In May last year, BT announced plans to create a new services division - tentatively titled BT Solutions - incorporating its international services company Syntegra and its domestic operation Syncordia. At the time it said integration would be completed by the end of 1999.
The move was seen by analysts as an attempt to eliminate the overlap between the two divisions' activities and reduce customer confusion caused by the similar brands.
But at the end of November, BT decided to keep both businesses and brands intact. Research, it said, had shown that Syntegra and Syncordia would "complement each other and have different strengths and market positions."

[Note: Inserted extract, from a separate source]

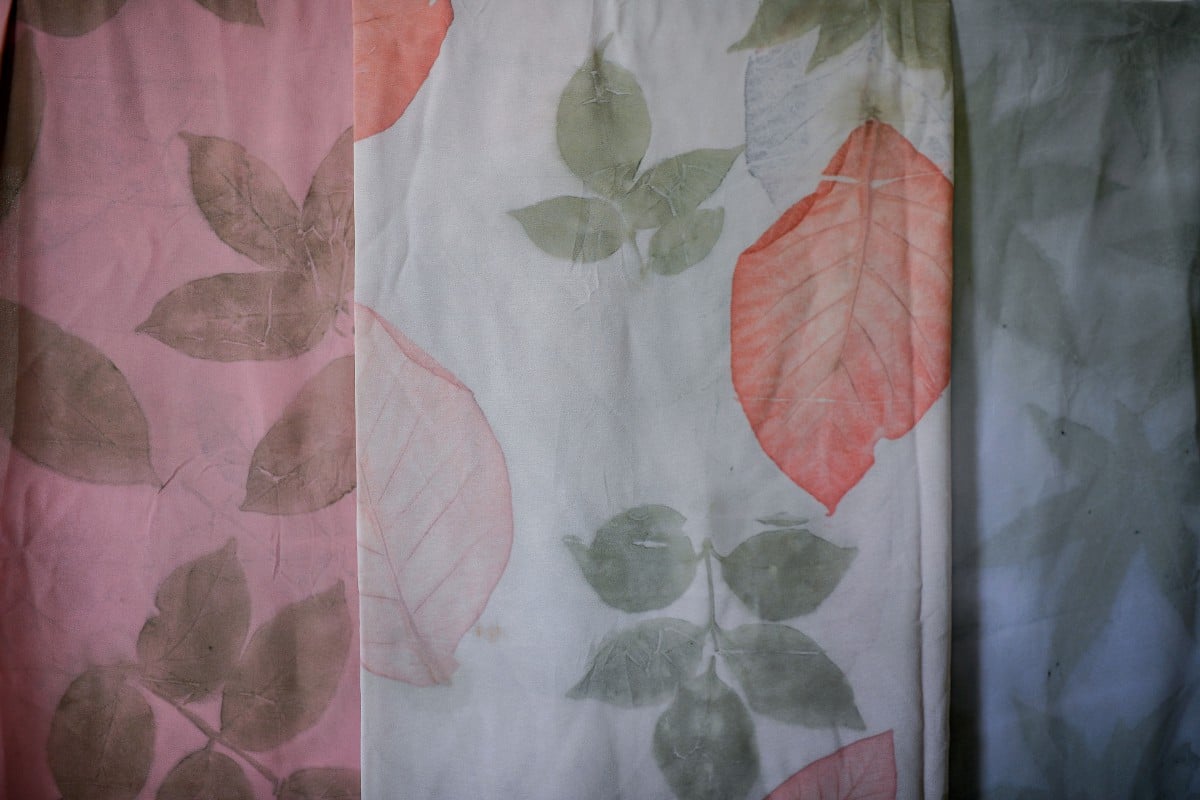 Kepelbagaian warna dan corak batik yang terbentuk secara semulajadi selepas dikukus selama dua jam menggunakan teknik batik 'Ecoprint.'  FOTO Bernama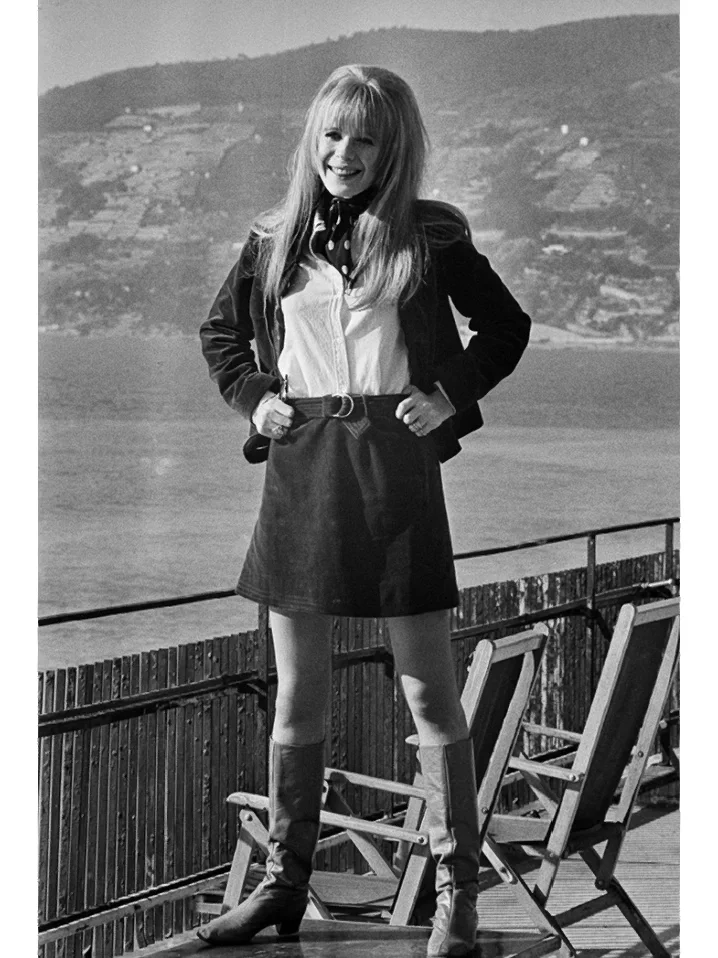 到了20世纪70年代,受到女权运动和中性风格的影响,知性成为女装的重点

Further details will be revealed early this year, including the brand of the new group, which won't be BT Solutions. Syntegra said the group will "operate as a portfolio of businesses to individually and collectively address the whole solutions market."
Other services businesses from outside BT may also be added to the group, said a BT spokesman. "It's likely to be bigger than originally envisaged," he added.
One possible outsider that could join the group is AT&T, already an international network partner of BT through the Concert joint venture, which finally opened for business this week.
"It must be something they are bearing in mind," said Pete Foster, analyst at Richard Holway. "I've always been of the view that they were looking for organisations that would be complementing their activities in the UK."
The two companies are already working together. Syncordia announced a deal with AT&T Solutions in December to jointly provide managed network services to General Motors worldwide.
BT wants to expand its services operation worldwide to compete with services giants like IBM and EDS. Combining Syntegra and Syncordia would have helped it achieve this goal, according to Foster.
"If the common umbrella is tight enough, maybe they can hold their own. But when you're talking about EDS you need a massive organisation. They would have a much better chance if they were one organisation," he said.
"There is and will continue to be significant amounts of overlap, so inevitably at some point there is going to be some need to rearrange. You wonder about the extent to which they can benefit from remaining separate," Foster added.
Meanwhile, staff at Syntegra remain in the dark about the exact nature of the shake-up, according to one source. They were promised new management last October, but nothing has yet changed. Another described it as "the merger that wasn't."
Syntegra has revenue of around £600 million, a presence in around 50 countries and 5000 employees. Combined with Syncordia, total revenue would exceed £1.2 billion.